“Many of you have built your homes here and we want you to stay . . . You are part of the Spanish family. You are part of us. The Spanish Government is here to support you in this new phase and we want to send you a very clear message: this is, and will always be, your home.”
Hana Jalloul, Spanish secretary of state for migration (Ministry of Inclusion, Social Security and Migration)
It had always been my dream to retire to Spain, having first fallen in love with the place at the age of 18. Thirteen years ago, my husband and I asked ourselves why we were waiting for retirement before taking the plunge. We couldn’t think of a single, good reason to delay, so we packed up and left the UK behind.

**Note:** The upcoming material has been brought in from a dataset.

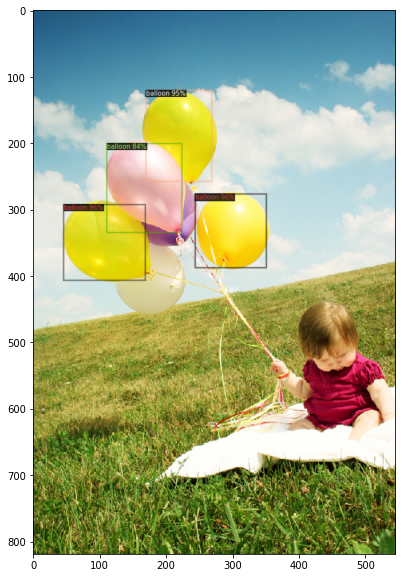 balloon_segmentation_prediction_1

Freedom of movement made the process easy – we bought a house, worked on our language skills, became legal residents and found work. From the very beginning, we were made to feel welcome by the local authorities and the Spanish people. We have always been grateful of that welcome, but never more so than now.
Unlike France, where British citizens are having to apply to retain their legal residency – at the risk of rejection – Spain’s approach has been straightforward and reassuring. The Spanish declaratory system means the status of existing legal residents does not change, and the application process for non-legal residents is simple. As long as new applicants meet the EU residency requirements and start the application process before the end of the transition period, their rights are protected, including those covered by the Withdrawal Agreement (WA). Although I mourn the loss of any EU citizenship rights – especially freedom of movement – I am mindful that thanks to the WA, we will have more rights than Brits in the UK, come 2021.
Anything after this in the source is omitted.